Oczywiście im więcej się ma, tym ciekawiej. Oczywiście wiele jest ciekawych garniturów we wzory, podobnie jak koszul. Wiele jest przepięknych butów innych niż jednolite czarne. Mówimy jednak o początkach budowanej garderoby. Nie kupujmy na początku garnituru innego niż trzy kolory, które wymieniłem (czarny jest mniej uniwersalny), ponieważ będzie trudniej do nich dobierać inne elementy. Poza tym taki garnitur nadaje się do znacznie rzadszego użytku z prostej przyczyny - będzie się rzucał w oczy jako ten, który mieliśmy na sobie niedawno. Dlatego mocno kolorowe marynarki czy wzorzyste garnitury są mniej praktyczne - ponieważ zakłada się je równie często co konkretne krawaty. Garnitur stonowany można zakładać co drugi, czy trzeci dzień i nie będzie się rzucał w oczy jako coś, co ciągle mamy na sobie. Nie można jednak tego powiedzieć np. o błękitnej marynarce w prążek. Jeśli założymy ją częściej niż raz na dwa tygodnie, to będzie się ona nazbyt często powtarzała (jak konkretny wzorzysty krawat, którego nie nosimy przecież zbyt często).

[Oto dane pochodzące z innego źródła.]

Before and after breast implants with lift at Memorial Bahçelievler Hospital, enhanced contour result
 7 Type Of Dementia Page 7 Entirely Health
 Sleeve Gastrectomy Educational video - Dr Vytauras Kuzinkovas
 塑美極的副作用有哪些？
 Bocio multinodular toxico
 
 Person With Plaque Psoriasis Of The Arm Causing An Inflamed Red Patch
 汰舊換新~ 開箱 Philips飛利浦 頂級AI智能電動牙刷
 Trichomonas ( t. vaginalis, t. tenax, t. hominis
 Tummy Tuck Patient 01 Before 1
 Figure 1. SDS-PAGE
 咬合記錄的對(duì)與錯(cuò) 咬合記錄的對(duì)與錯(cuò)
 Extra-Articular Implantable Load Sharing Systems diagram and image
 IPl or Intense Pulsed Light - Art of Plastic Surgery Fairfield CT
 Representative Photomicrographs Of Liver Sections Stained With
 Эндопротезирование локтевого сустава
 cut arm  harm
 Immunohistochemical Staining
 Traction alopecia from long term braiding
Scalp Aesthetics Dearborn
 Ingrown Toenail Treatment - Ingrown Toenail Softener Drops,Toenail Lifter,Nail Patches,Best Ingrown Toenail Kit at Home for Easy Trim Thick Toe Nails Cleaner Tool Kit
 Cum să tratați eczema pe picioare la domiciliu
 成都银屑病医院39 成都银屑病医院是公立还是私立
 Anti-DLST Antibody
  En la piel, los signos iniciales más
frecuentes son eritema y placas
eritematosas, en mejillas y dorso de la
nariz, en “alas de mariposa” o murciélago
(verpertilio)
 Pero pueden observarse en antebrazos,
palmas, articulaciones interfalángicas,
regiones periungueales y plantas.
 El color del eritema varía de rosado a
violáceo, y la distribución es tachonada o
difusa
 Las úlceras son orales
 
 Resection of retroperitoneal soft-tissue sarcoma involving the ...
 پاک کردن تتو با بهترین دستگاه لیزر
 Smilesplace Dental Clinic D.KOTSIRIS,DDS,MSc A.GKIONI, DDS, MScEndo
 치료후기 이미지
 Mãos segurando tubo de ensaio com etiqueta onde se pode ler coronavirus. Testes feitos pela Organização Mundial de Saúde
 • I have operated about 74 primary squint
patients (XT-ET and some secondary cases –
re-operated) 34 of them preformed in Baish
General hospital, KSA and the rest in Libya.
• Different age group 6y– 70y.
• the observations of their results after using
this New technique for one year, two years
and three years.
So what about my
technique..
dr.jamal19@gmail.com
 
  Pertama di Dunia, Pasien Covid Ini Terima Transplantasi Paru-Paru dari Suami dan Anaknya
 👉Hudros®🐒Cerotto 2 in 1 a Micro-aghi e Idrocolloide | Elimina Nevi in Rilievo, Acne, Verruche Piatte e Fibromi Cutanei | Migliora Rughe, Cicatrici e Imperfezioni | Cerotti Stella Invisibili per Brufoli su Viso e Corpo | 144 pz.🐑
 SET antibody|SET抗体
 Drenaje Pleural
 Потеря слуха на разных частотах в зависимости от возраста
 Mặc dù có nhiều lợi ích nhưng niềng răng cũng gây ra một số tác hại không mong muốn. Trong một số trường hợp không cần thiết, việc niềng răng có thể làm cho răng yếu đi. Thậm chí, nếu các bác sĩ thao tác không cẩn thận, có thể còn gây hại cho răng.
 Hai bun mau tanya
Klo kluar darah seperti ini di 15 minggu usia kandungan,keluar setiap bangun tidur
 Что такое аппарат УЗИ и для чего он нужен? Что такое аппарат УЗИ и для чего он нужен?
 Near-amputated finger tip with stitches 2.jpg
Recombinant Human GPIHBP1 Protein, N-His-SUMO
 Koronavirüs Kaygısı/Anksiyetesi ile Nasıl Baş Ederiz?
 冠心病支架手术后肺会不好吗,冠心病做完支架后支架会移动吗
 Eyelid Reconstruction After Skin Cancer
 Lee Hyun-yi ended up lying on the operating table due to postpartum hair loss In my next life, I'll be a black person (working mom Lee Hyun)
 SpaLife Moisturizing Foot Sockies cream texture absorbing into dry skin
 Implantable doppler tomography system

Nie kupujmy na początku innych koszul niż białe i jasnoniebieskie. Z tej samej przyczyny, co w wypadku garniturów. Do tego biała koszula nie rzuca się jako stale powtarzająca się, ponieważ ona tworzy kolorystyczną przestrzeń dla innych dodatków. Nie mówiąc o tym, że nie sposób założyć na wieczór niebiałej koszuli, która choćby w najmniejszym stopniu byłaby w stanie konkurować z pięknem bieli blisko twarzy. Biel jest po prostu najlepsza i nie do pobicia. Niemal każdy weteran dandyzmu, choćby nie wiadomo w jak znakomite niebiałe koszule ubrany przegra w wieczorowym sztucznym świetle z ciemnym garniturem i białą koszulą amatora męskiej mody.

Nie kupujmy na początku innych butów niż sznurowane czarne, ponieważ każde inne rozwiązanie (buty wsuwane, buty na klamrę, buty innego koloru) będzie miało rzadsze zastosowania.

Jeśli chcemy jeszcze wznieść się o kolejny poziom elegancji w górę, to przyda nam się kamizelka, którą możemy założyć na ważną uroczystość odebrania dyplomów, lub nawet na własny ślub. Wtedy najlepiej, żeby ten pierwszy garnitur był trzyczęściowy (drugi też może być). Zdaję sobie sprawę, że są z tym problemy i może być tak, że satysfakcjonujące nas dwa pierwsze garnitury, szary i granatowy, będą dwuczęściowe. W takiej sytuacji najlepiej zorganizować sobie zdekompletowaną szarą kamizelkę w kolorze zbliżonym do garnituru. Nie musi być identyczny, ale kolor nie powinien się kłócić. Kamizelkę można uszyć u krawca niewielkim kosztem. Jeśli się zdecydujemy na ten wariant, warto rozważyć piękną kamizelkę dwurzędową z klapami. Wraz z nią, szarymi spodniami i granatową marynarką skomponujemy wyjątkową kreację strollera, która będzie się dobrze nadawała na własny ślub.